Es media tarde y dentro de minutos se jugará otra jornada del Campeonato Nacional de fútbol de primera categoría entre el equipo local y el de La Habana. No cabe un alma en las decrépitas gradas del estadio Ovidio Torres. Los aficionados claman a gritos —entre «ronazos» y blasfemias—por una victoria del once anfitrión sobre su enconado y tradicional adversario. ¡Siempre ha sido así!
La rivalidad entre el conjunto oriental y el capitalino hace del encuentro no solo un plato cotizado que todos quieren saborear, sino también una bomba de tiempo, capaz de estallar ante el más intrascendente motivo en cualquiera de los 90 minutos del partido. En efecto, la atmósfera en las graderías parece cargada de alta tensión. Pero, ¿lo habrá percibido en toda su magnitud el árbitro principal Cristóbal Martínez?

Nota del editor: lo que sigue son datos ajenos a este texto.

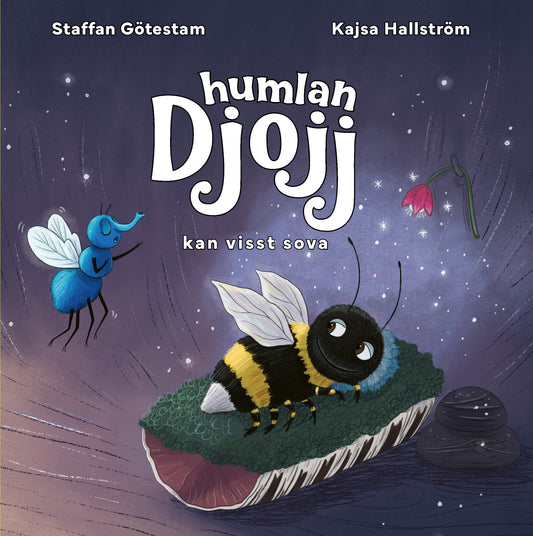NYHET: Humlan Djojj kan visst sova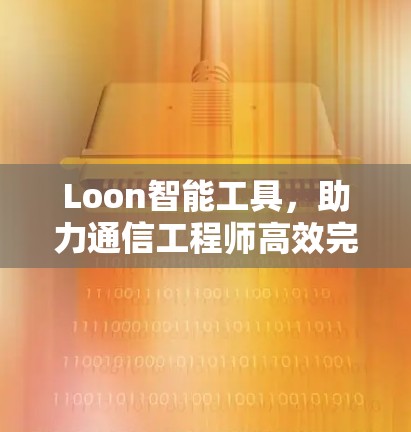 Loon智能工具，助力通信工程师高效完成任务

Comienza el juego y la calidad de ambos conjuntos se pone enseguida de manifiesto. De ello dan fe las maniobras llenas de talento e imaginación de los jugadores cuando atacan o defienden. Apenas se han jugado 15 minutos y el público comienza a dar indicios de enojo. ¿Razones? El colegiado se «equivoca» con demasiada frecuencia en favor del cuadro de la capital.
Transcurre el primer tiempo y las pifias legales en perjuicio de los de casa se suceden. «Fuiiiiiii», suena el silbato, casi siempre para penar una «falta» manatiense. «Fuiiiiiii», silban las decisiones los inconformes, es decir, la mayoría de los presentes. El bullicio es ensordecedor, homogéneo, amenazante... «Aquí va a pasar algo muy grave hoy», asegura alguien a mi lado. Y así fue.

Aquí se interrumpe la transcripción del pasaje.